** Work item **
Your copy of the entries must be exact, and it must not include the pictures.

Captioned web image data:
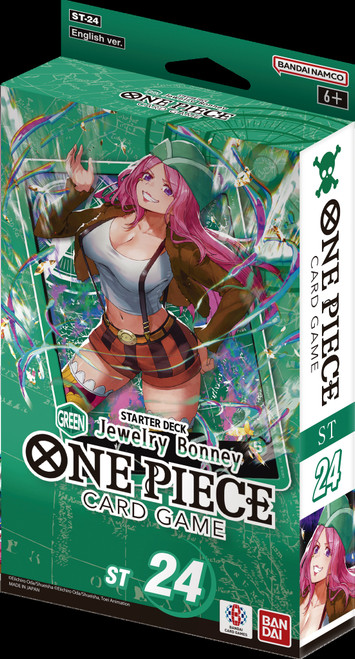 One Piece Card Game: Starter Deck - Green Jewelry Bonney (ST-24)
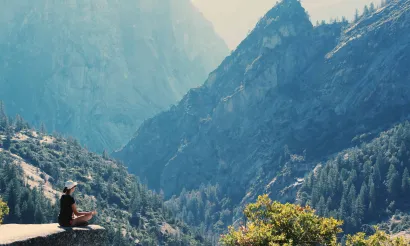 Yoga in de bergen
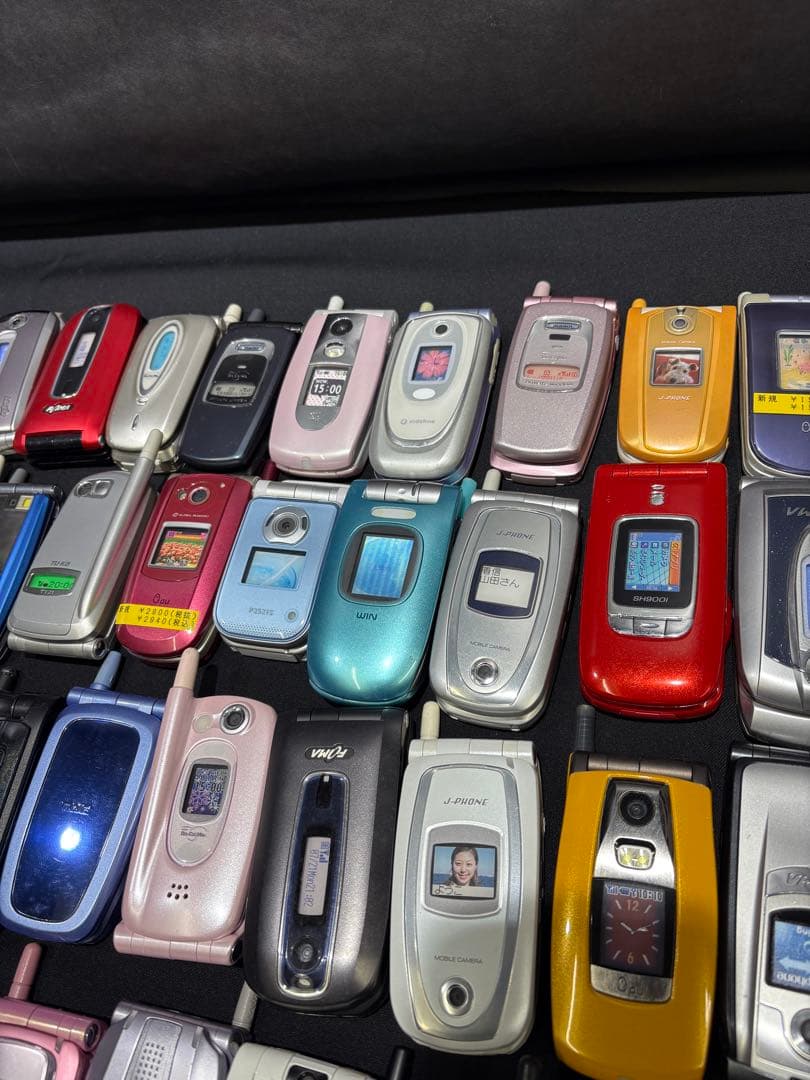 【まとめて90点セット】モックアップ 販売店模型 携帯電話 ガラケー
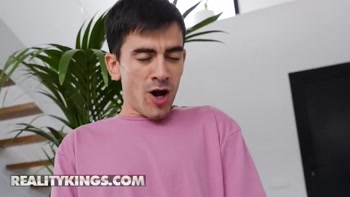 REALITY KINGS - Sexy  MILF Anissa Kate Can't Help Getting Horny After Catching Her Stepson Jordi Masturbating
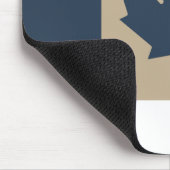 (AOP) Canadese vlagmarine/Tan - Muismat (Hoek)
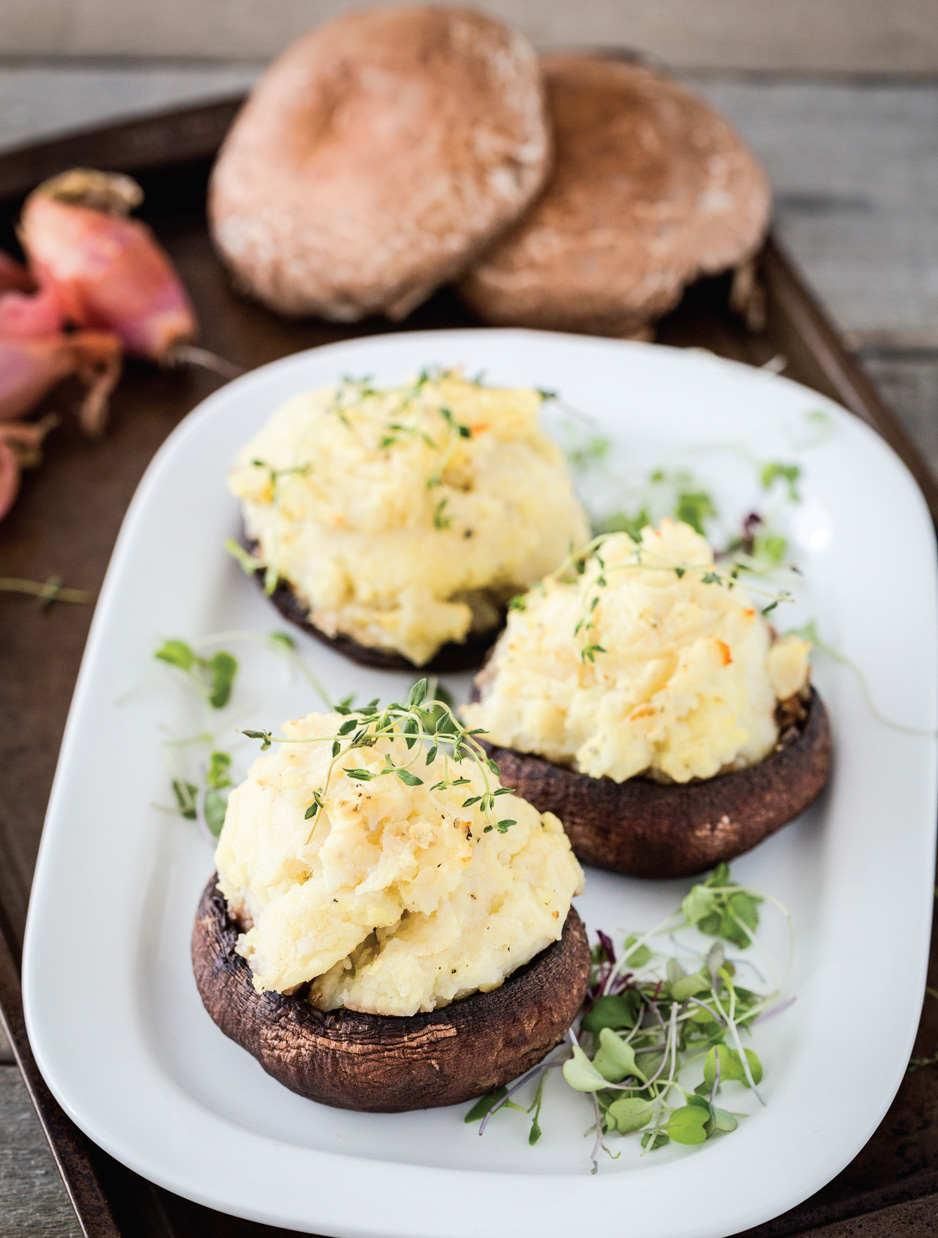 Truffled Mashed Potato–Stuffed Portobellos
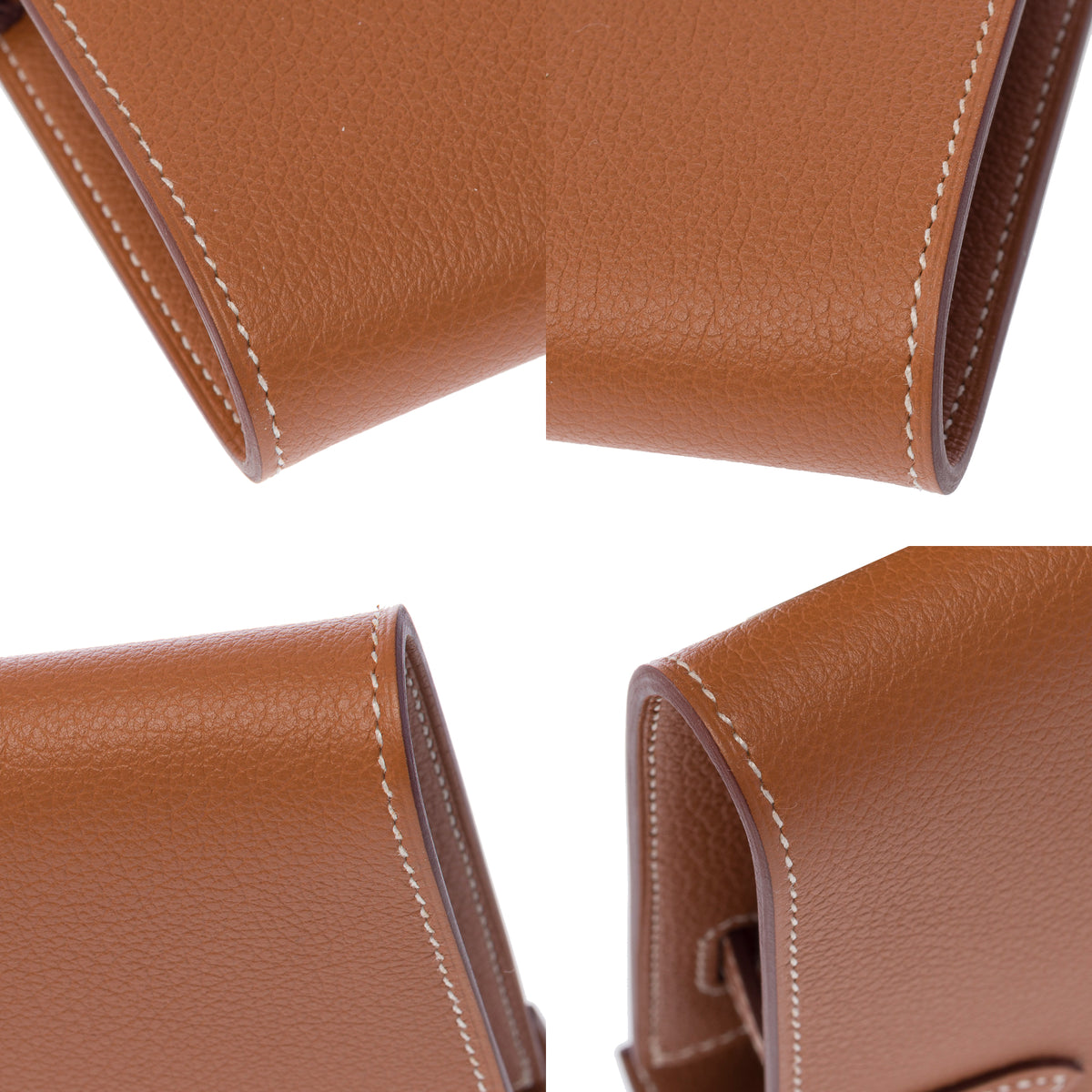 Sac HERMES Kelly to go en Cuir Doré - 104043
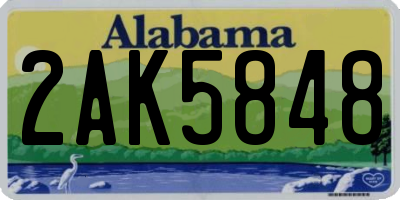 AL license plate 2AK5848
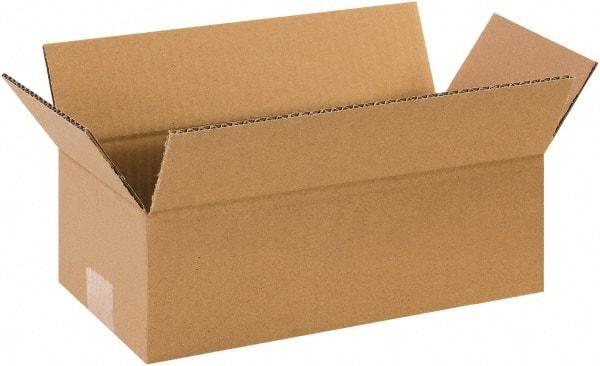 Made in USA - 6" Wide x 12" Long x 4" High Rectangle Corrugated Shipping Box - 1 Wall, Kraft (Color), 65 Lb Capacity - A1 Tooling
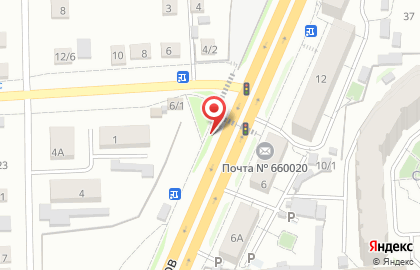 Ломбард-Кредит в Советском районе на карте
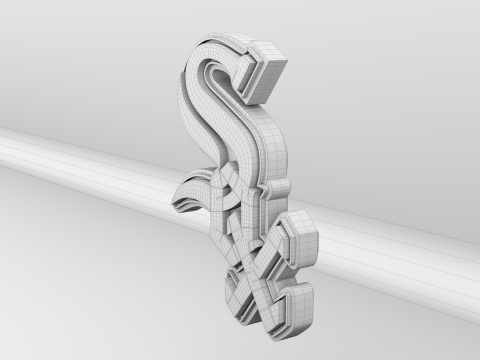MLB Chicago WhiteSox Team Logo 3D-Modell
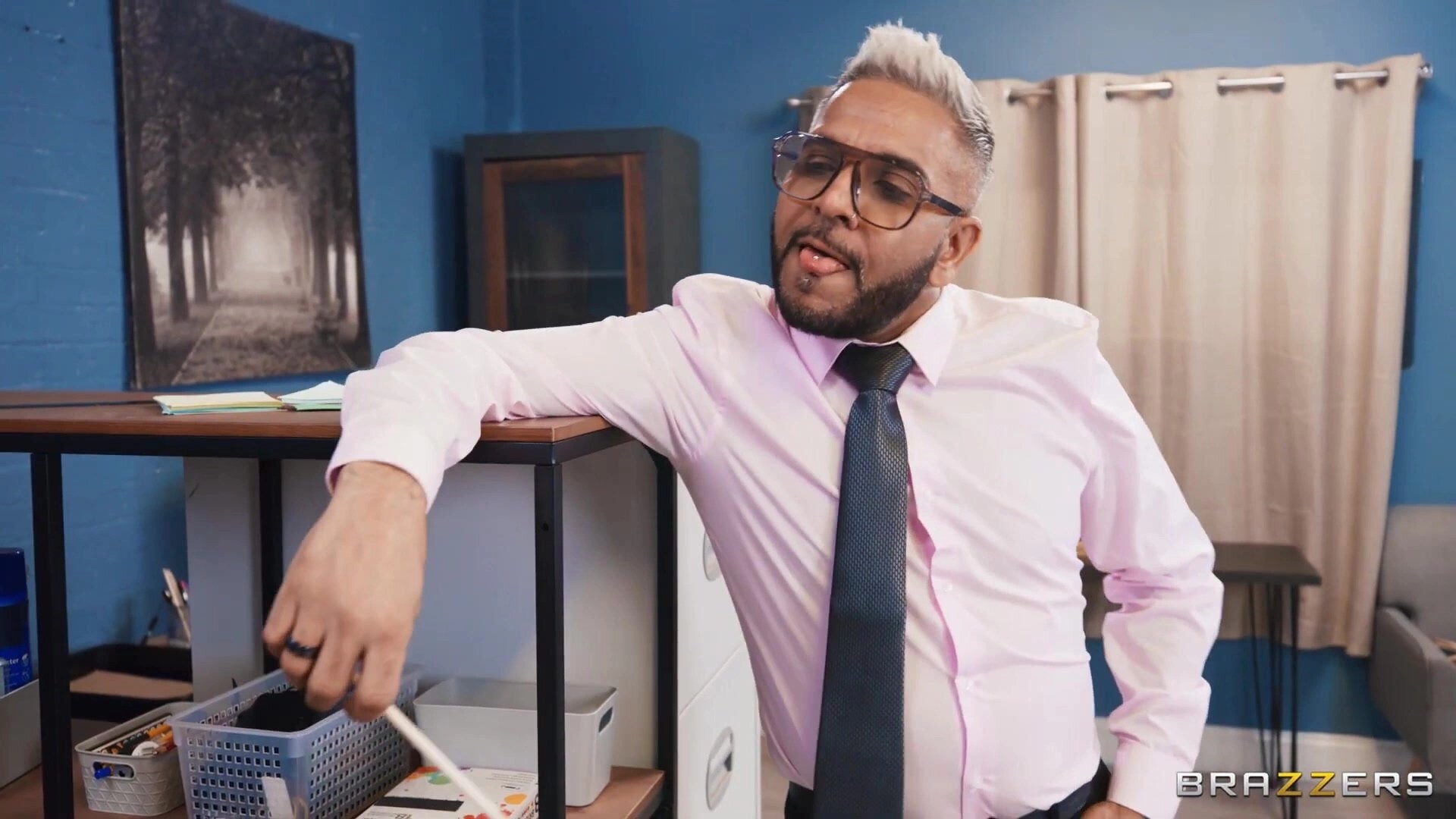 Sneaky Footjob For the Voyeur Janitor in HD - Coco Rains | PornMedium.com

** Completed task **
 One Piece Card Game: Starter Deck - Green Jewelry Bonney (ST-24)
 Yoga in de bergen
 【まとめて90点セット】モックアップ 販売店模型 携帯電話 ガラケー
 REALITY KINGS - Sexy  MILF Anissa Kate Can't Help Getting Horny After Catching Her Stepson Jordi Masturbating
 (AOP) Canadese vlagmarine/Tan - Muismat (Hoek)
 Truffled Mashed Potato–Stuffed Portobellos
 Sac HERMES Kelly to go en Cuir Doré - 104043
 AL license plate 2AK5848
 Made in USA - 6" Wide x 12" Long x 4" High Rectangle Corrugated Shipping Box - 1 Wall, Kraft (Color), 65 Lb Capacity - A1 Tooling
 Ломбард-Кредит в Советском районе на карте
MLB Chicago WhiteSox Team Logo 3D-Modell
 Sneaky Footjob For the Voyeur Janitor in HD - Coco Rains | PornMedium.com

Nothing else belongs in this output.